Russell E. Koeller Family Farms

This is a photo of our irrigation computer monitor in my office. All of our systems were operating when I took the photo as indicated by the blue color. The yellow line indicates system position in the field...the black line is an access road...six units have the end gun applying water as well.

We are able to access the control panel at each pivot and can totally control the pivot from this office. We can also use our smartphones to do most instructions as well.

This is another view with the systems displayed on a aerial photograph of the Mississippi River Valley showing their actual locations.

As you can see, we bring the folded corner arm as far as possible to allow the main system to irrigate as much crop as possible. The sprinklers along the last steerable span all have individual valves to turn them off as the arm folds in to prevent overwatering. This steerable span is guided by GPS...and uses a satellite receiver almost exactly the same as our tractor GPS units.

We have numerous drainage ditches that the systems must cross. Here I am installing a 30 inch diameter by 20 feet long tube for a crossing.

This system has 8 towers and each must cross this drain twice...once here and again on the other end of the field. I often use 40 feet long tubes for the corner arms so we can also use them for an equipment crossing.

We apply nitrogen fertilizer solution through the system...usually two applications...and considering adding some micronutrients as well. Pretty much all systems now are low pressure and use drops to lower the sprinklers down into the crop canopy to reduce evaporation and protect the health of the plant leaves. It is not common for us to irrigate when our corn is this short.

We bought our first system in 1977, a Valley water drive unit, that we towed back and forth between two pivots. This was quickly followed by two more, a Valley electric and a Lindsay Zimmatic. Then in a few years, by a Valley corner system in 1982.
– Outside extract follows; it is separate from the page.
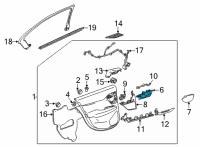 OEM Cadillac CT4 Handle, Inside Diagram - 84549221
Our wells are approximately 80 feet deep and the initial boring diameter of 36 inches. Next, 80 feet of 14 inch pipe with the lower one-half slotted is centered in the bore and fine gravel fills all around it. A submergible pump is lowered into the well and an electric motor sits on top...usually 50 hp or less. Having a great water supply that is relatively shallow is a real asset. That is because we are in a major river valley where sand and gravel underlay our top 15 feet of soils.